Information shown:
[Start of section]

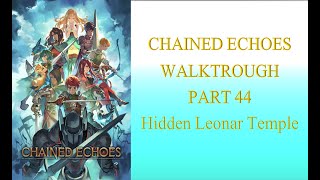 Chained Echoes Let's Play! No Commentary Ep44 - Hidden Leonar Temple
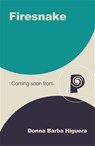 Firesnake - Donna Barba Higuera - 9781807482046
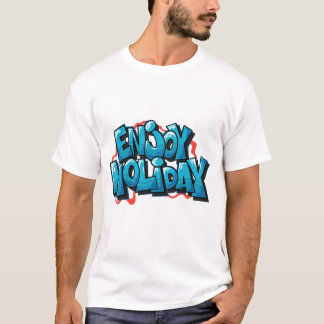 Enjoy Holiday T-Shirt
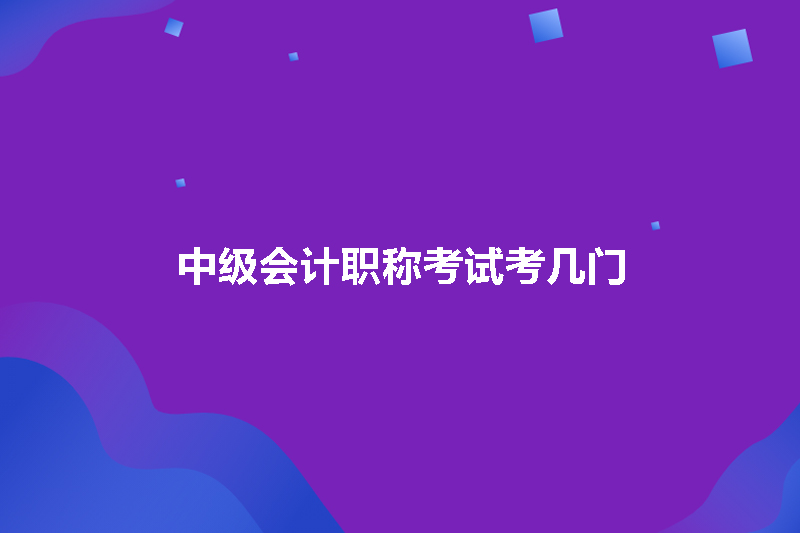 中级会计职称考试考几门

[End of section]

The problem: Go through the material above and print all of it exactly, except the pictures.

Exercise answer:
 Chained Echoes Let's Play! No Commentary Ep44 - Hidden Leonar Temple
 Firesnake - Donna Barba Higuera - 9781807482046
 Enjoy Holiday T-Shirt
 中级会计职称考试考几门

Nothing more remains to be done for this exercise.